■ YOUR TASK: Top to bottom, every record is to be copied word for word.

++++ DATA FOR REVIEW

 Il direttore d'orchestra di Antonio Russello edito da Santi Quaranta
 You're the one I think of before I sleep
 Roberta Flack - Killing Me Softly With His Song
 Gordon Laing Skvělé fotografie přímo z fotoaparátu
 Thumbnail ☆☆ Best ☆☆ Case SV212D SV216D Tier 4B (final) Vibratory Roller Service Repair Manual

++++++++

■ PROBLEM SOLUTION:
 Il direttore d'orchestra di Antonio Russello edito da Santi Quaranta
 You're the one I think of before I sleep
 Roberta Flack - Killing Me Softly With His Song
 Gordon Laing Skvělé fotografie přímo z fotoaparátu
 Thumbnail ☆☆ Best ☆☆ Case SV212D SV216D Tier 4B (final) Vibratory Roller Service Repair Manual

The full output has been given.